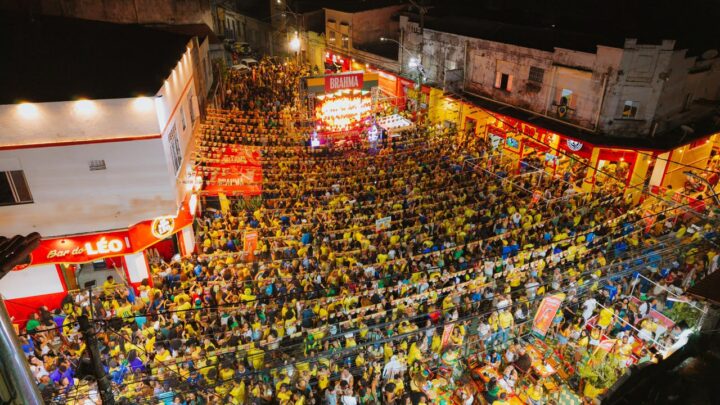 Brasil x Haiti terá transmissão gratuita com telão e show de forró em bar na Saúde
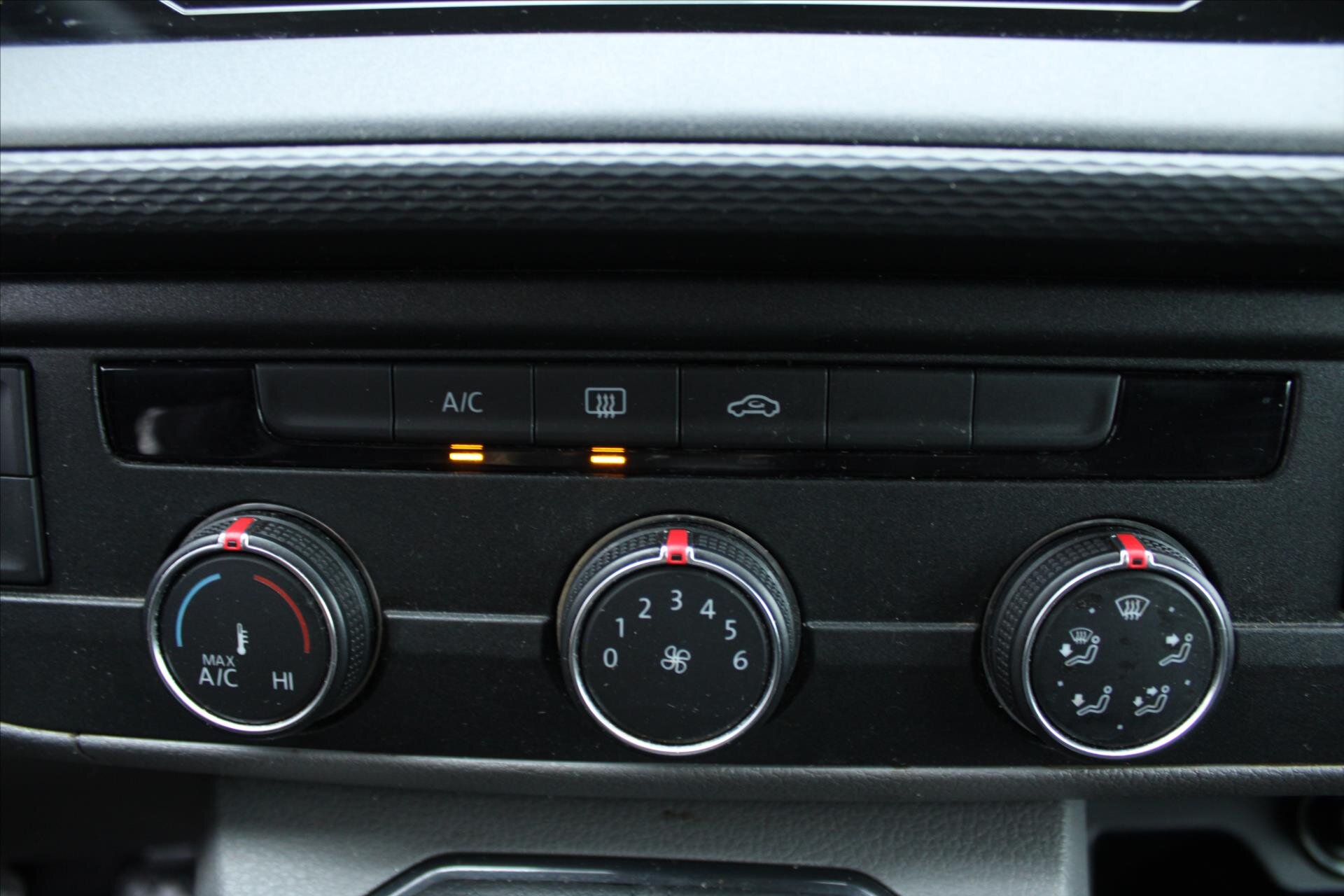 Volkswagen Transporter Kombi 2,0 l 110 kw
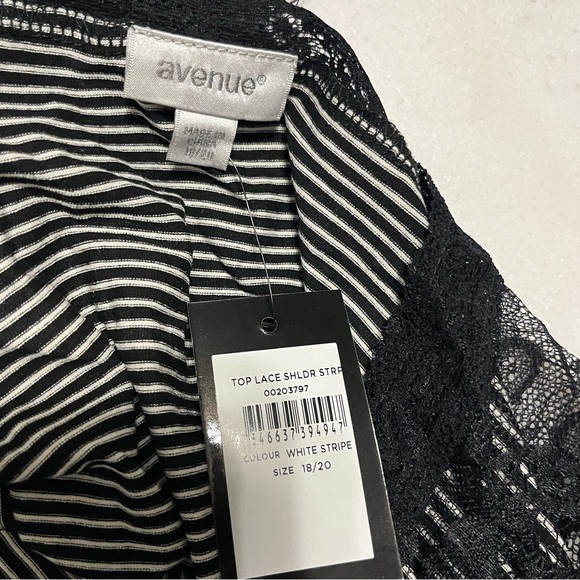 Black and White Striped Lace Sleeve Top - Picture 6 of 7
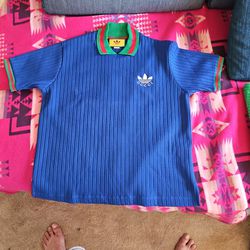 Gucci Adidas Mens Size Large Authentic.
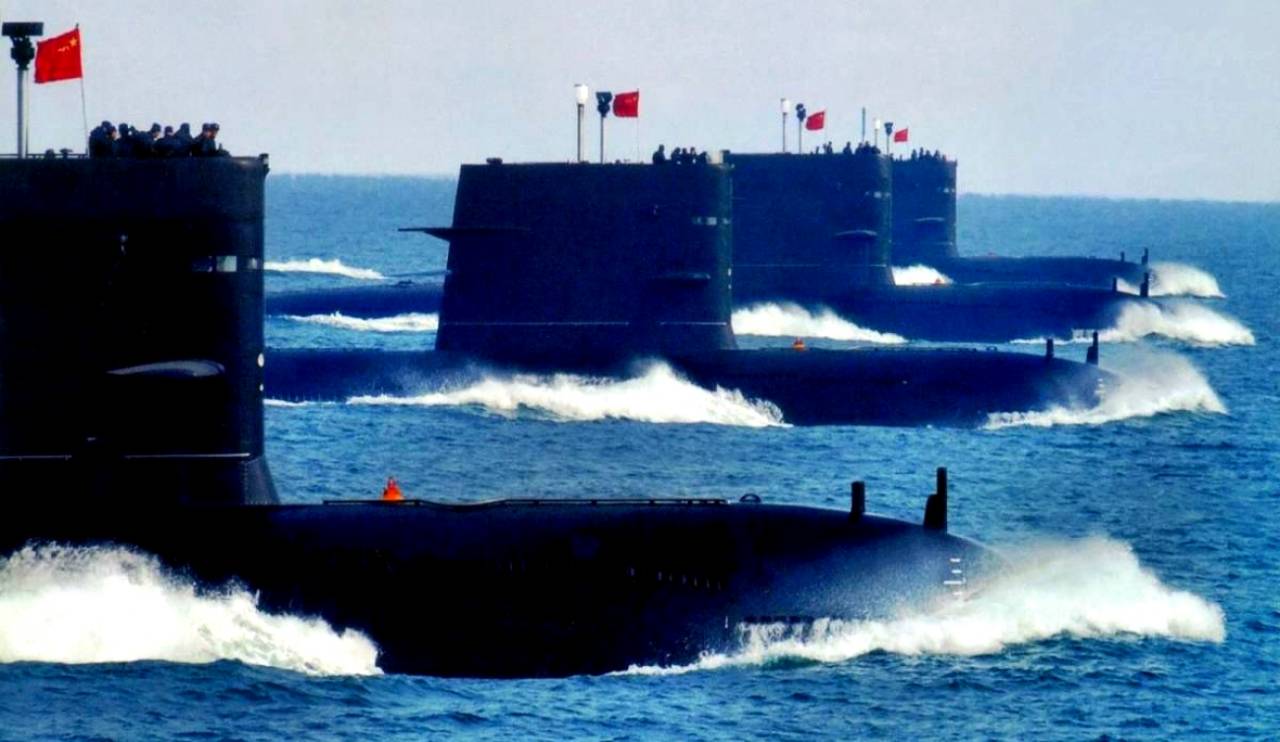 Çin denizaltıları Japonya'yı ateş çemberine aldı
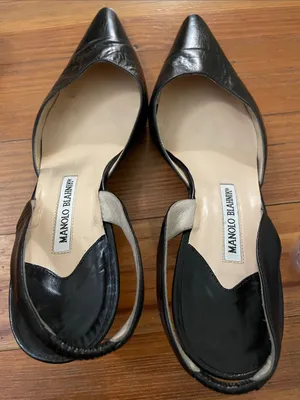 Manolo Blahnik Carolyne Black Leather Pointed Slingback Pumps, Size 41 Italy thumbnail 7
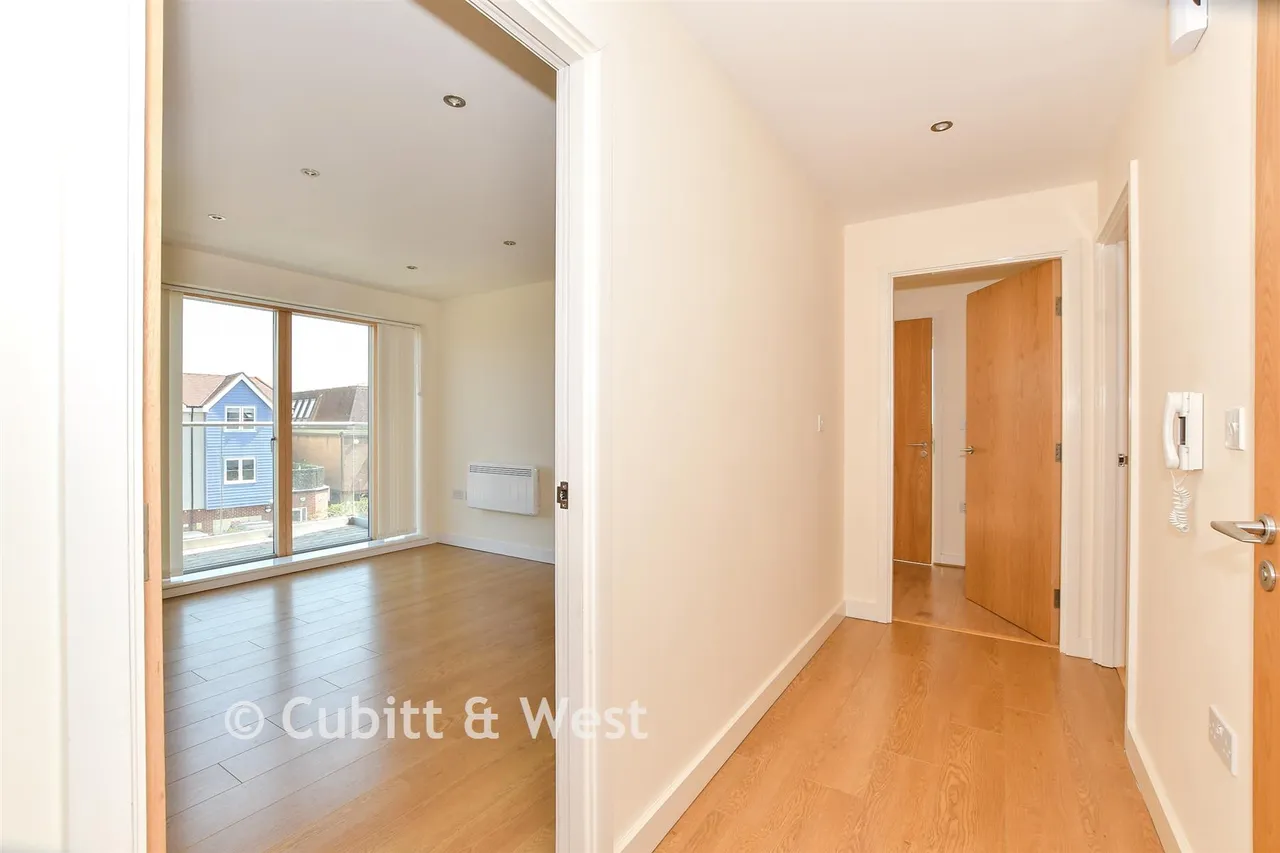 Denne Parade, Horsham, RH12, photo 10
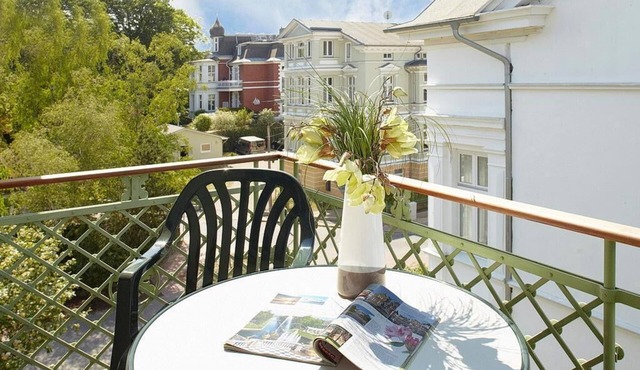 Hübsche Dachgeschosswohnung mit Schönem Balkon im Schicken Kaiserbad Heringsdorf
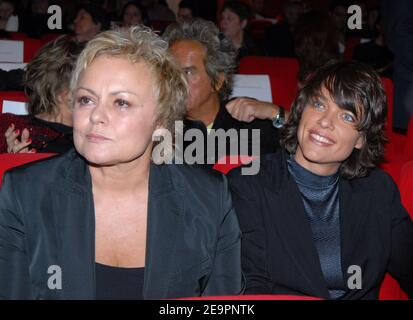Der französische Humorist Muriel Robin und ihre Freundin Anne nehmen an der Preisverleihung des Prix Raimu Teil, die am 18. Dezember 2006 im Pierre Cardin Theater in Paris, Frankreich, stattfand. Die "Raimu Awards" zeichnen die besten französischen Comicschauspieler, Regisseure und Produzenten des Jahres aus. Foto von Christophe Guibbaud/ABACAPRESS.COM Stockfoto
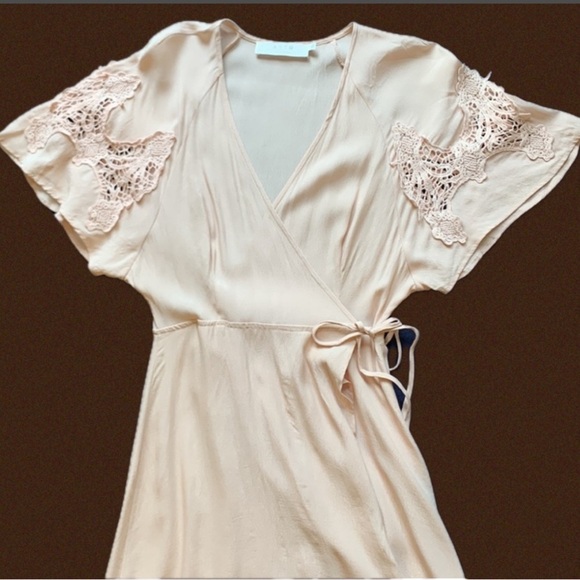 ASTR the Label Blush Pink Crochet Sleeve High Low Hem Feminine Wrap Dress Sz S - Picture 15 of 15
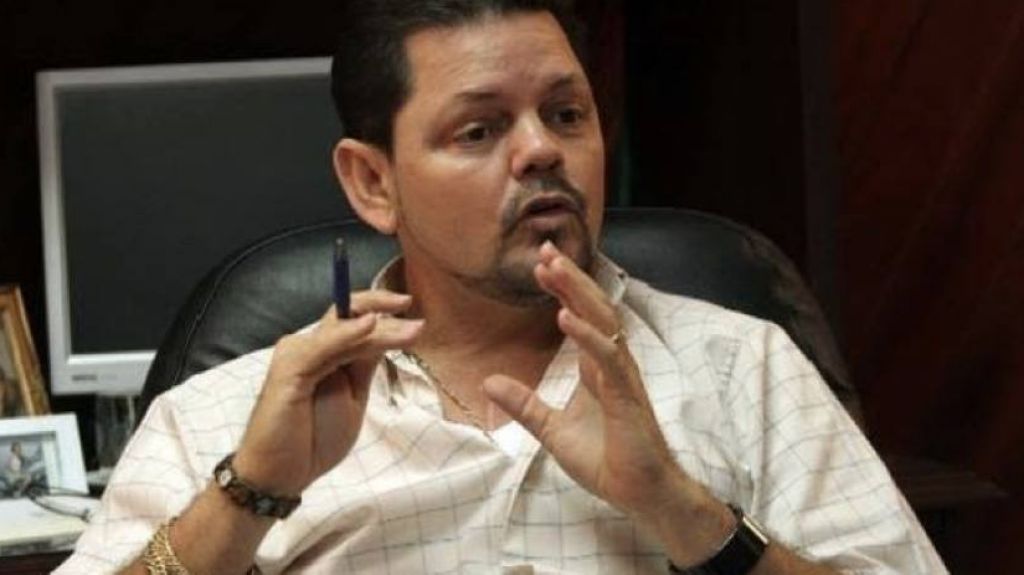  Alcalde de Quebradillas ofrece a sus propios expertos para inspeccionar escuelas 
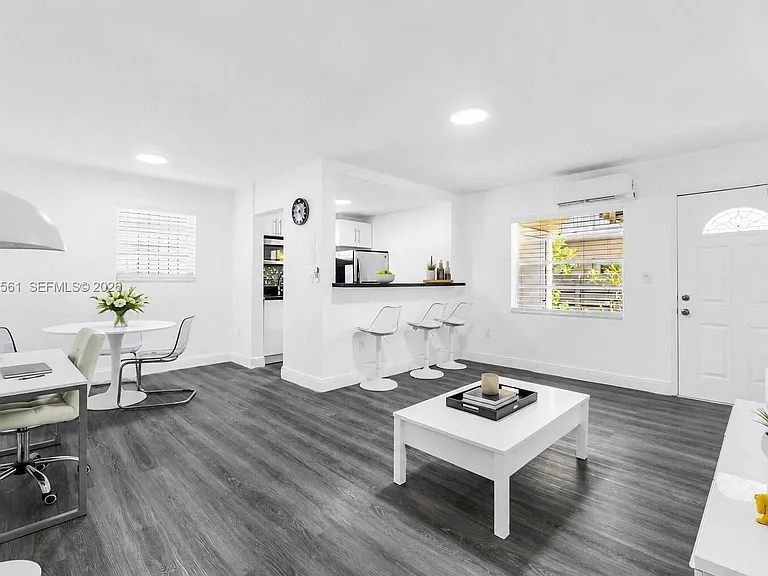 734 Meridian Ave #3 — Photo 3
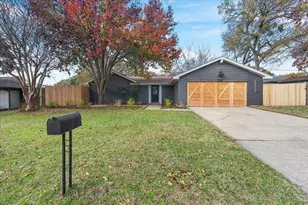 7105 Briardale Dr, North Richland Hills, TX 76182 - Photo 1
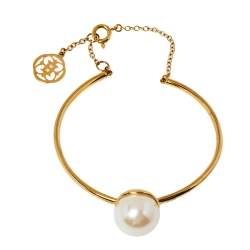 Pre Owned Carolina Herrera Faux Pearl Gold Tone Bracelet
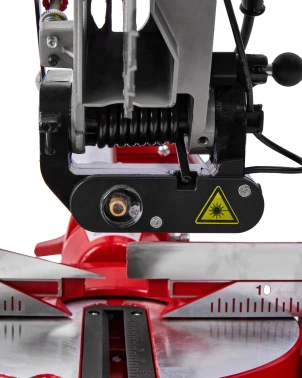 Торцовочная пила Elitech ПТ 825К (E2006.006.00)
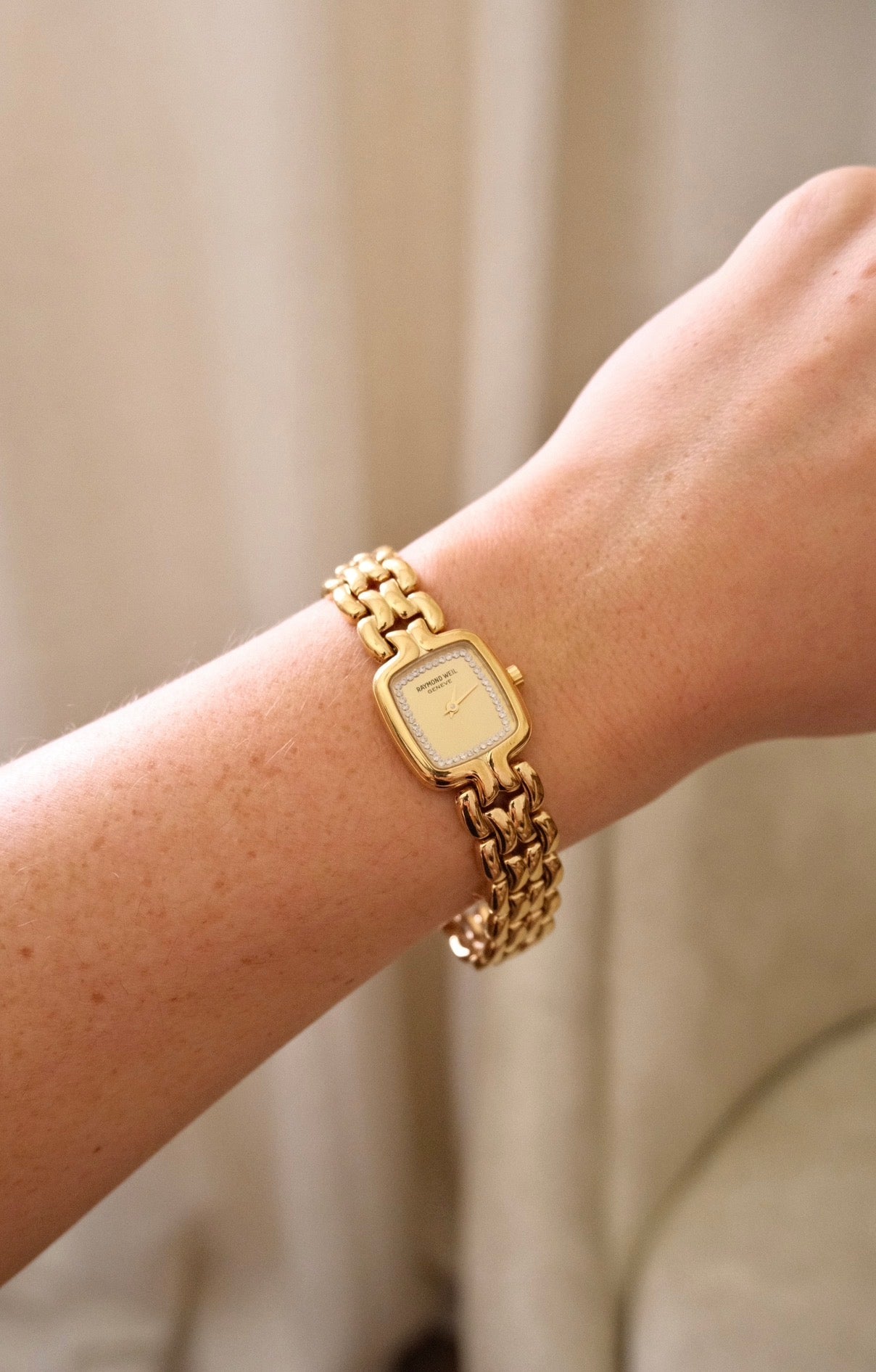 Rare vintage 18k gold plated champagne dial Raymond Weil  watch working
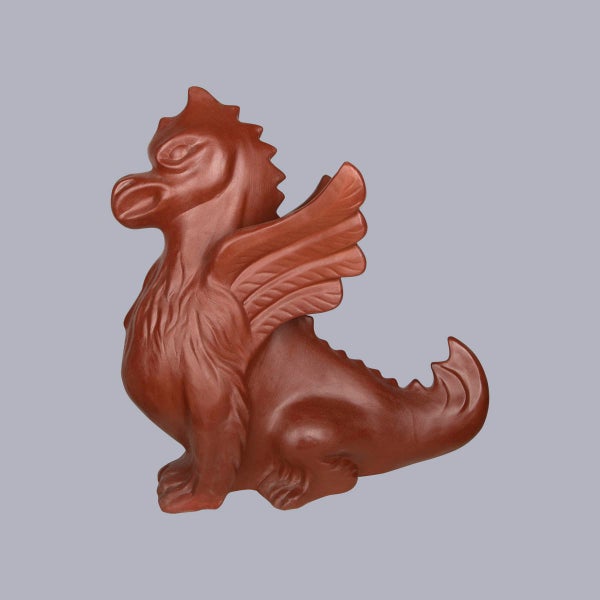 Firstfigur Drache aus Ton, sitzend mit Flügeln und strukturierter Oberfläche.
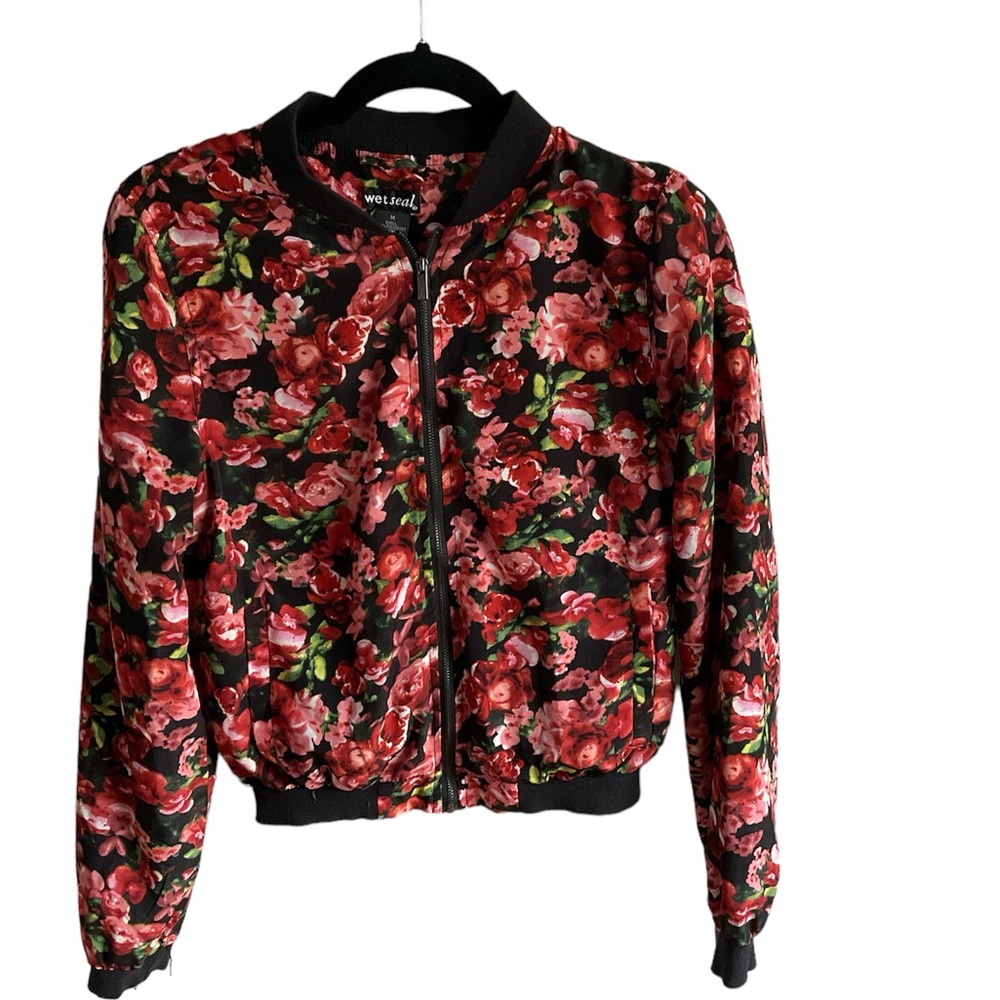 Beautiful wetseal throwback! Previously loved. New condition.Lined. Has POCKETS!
--------------------------------------------------
The reply should consist only of the lines from the top of the material above through the line with "Denne Parade, Horsham, RH12, photo 10", printed exactly, pictures omitted.

 Brasil x Haiti terá transmissão gratuita com telão e show de forró em bar na Saúde
 Volkswagen Transporter Kombi 2,0 l 110 kw
 Black and White Striped Lace Sleeve Top - Picture 6 of 7
 Gucci Adidas Mens Size Large Authentic.
 Çin denizaltıları Japonya'yı ateş çemberine aldı
 Manolo Blahnik Carolyne Black Leather Pointed Slingback Pumps, Size 41 Italy thumbnail 7
 Denne Parade, Horsham, RH12, photo 10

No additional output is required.